I grandi temi della comunità, del bene e dei beni comuni, della pubblica felicità sono al centro dell'ultimo libro di Andrea Rapaccini e Johnny Dotti. Un lavoro che, sulla scia di Olivetti, ci permette di fare il punto su tante questioni. E rilanciare il tema di una nuova via da intraprendere, oltre le facili dicotomie (Stato o mercato, pubblico o privato), per tornare a discutere di economia civile

di Pietro Piro

La Comunità di Adriano Olivetti

Nel 1945, in un Europa devastata dalla Seconda Guerra Mondiale, appare per le Nuove Edizioni Ivrea – ma stampato in Svizzera – il libro di Adriano Olivetti, L'ordine politico delle Comunità (Comunità Editrice, Roma 2014). Libro essenziale per comprendere la visione profonda di Olivetti che teorizza il superamento dello Stato per dar vita alla vera Comunità umana. Comunità che: "è intesa a sopprimere gli evidenti contrasti e conflitti che nell'attuale organizzazione economica normalmente sorgono e si sviluppano tra agricoltura, le industrie e l'artigianato di una determinata zona ove gli uomini sono costretti a condurre una vita economica e sociale frazionata e priva di elementi di solidarietà. Le Comunità creando un superiore interesse concreto, tendono a comporre detti conflitti e ad affratellare gli uomini" (p. 33).

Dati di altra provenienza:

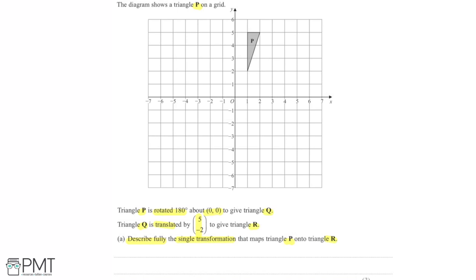Without tracing paper, I'll focus on one point at a time. This point is at (1, 2). When rotated 90 degrees about the origin, it goes from 1 along and 2 up to being 2 along and 1 down — so to the point (2, -1). That's the first 90-degree step.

La Comunità di Olivetti è per il suo ideatore l'unica forma completamente umana di vita sociale. Al centro c'è la persona e il suo sviluppo spirituale, la solidarietà, l'occuparsi di problemi concreti con i mezzi della tecnica più avanzata ma sempre con il fine di dare energia alle relazioni. Comunità fondata sull'Evangelo dove non è più tollerato: "il divorzio tra morale pubblica e morale privata" (p. 47). Una comunità "concreta" dove la partecipazione del cittadino non è un evento eccezionale o legato all'azione di un capo carismatico ma quotidianità (p. 50). In questa Comunità la cittadinanza: "potrà essere conferita a tutti gli stranieri, senza distinzione dello Stato da cui provengono, in virtù di una decisione di quella Comunità ove, per un determinato periodo, lo straniero avrà stabilito la sua residenza, Gli elementi di decisione saranno esclusivamente quelli morali" (p. 43).

In questi mesi ripenso continuamente alle pagine di straordinaria bellezza scritte da Olivetti. Mi chiedo cosa penserebbe di un Paese che invece di sviluppare sempre più le sue doti migliori, si avvita in un perverso gioco identitario-securitario. Un Paese in piena regressione civile dove è sempre più difficile spezzare le catene della povertà, dell'esclusione sociale, della marginalità. Un Paese che non ha ancora compreso il potenziale rivoluzionario dell'opera teorica-concreta di Adriano Olivetti.

Forse, Olivetti ci inviterebbe a lavorare fermamente sulle nostre qualità morali e a lasciarci guidare da quei valori "inesauribili e insostituibili" che ispirano quei "politici che sentiranno nella loro vita interiore la luce della grazia e della rivelazione cristiana e agiranno nel suo impulso o accetteranno, pur senza riconoscerne la trascendenza, il contenuto umano e sociale dell'Evangelo" (p. 46).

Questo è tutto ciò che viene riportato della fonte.